--- What the task asks ---
A faithful transcription of all the data is required.

** Opening Data listing block **

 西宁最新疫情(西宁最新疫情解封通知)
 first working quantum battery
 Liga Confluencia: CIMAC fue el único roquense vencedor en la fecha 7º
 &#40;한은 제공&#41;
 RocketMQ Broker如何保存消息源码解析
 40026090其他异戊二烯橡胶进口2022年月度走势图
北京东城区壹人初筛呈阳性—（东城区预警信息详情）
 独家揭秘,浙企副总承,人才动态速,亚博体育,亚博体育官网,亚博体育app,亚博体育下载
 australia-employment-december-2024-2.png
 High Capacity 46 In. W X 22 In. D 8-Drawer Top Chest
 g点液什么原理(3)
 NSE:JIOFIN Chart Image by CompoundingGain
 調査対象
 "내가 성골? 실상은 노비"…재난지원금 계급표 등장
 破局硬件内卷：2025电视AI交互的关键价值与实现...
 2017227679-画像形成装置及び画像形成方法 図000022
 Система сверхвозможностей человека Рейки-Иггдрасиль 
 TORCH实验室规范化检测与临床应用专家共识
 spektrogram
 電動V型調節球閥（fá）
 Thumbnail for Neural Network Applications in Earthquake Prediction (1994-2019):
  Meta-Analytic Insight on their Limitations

** Closing Data listing block **

--- Reply ---
 西宁最新疫情(西宁最新疫情解封通知)
 first working quantum battery
 Liga Confluencia: CIMAC fue el único roquense vencedor en la fecha 7º
 &#40;한은 제공&#41;
 RocketMQ Broker如何保存消息源码解析
 40026090其他异戊二烯橡胶进口2022年月度走势图
北京东城区壹人初筛呈阳性—（东城区预警信息详情）
 独家揭秘,浙企副总承,人才动态速,亚博体育,亚博体育官网,亚博体育app,亚博体育下载
 australia-employment-december-2024-2.png
 High Capacity 46 In. W X 22 In. D 8-Drawer Top Chest
 g点液什么原理(3)
 NSE:JIOFIN Chart Image by CompoundingGain
 調査対象
 "내가 성골? 실상은 노비"…재난지원금 계급표 등장
 破局硬件内卷：2025电视AI交互的关键价值与实现...
 2017227679-画像形成装置及び画像形成方法 図000022
 Система сверхвозможностей человека Рейки-Иггдрасиль 
 TORCH实验室规范化检测与临床应用专家共识
 spektrogram
 電動V型調節球閥（fá）
 Thumbnail for Neural Network Applications in Earthquake Prediction (1994-2019):
  Meta-Analytic Insight on their Limitations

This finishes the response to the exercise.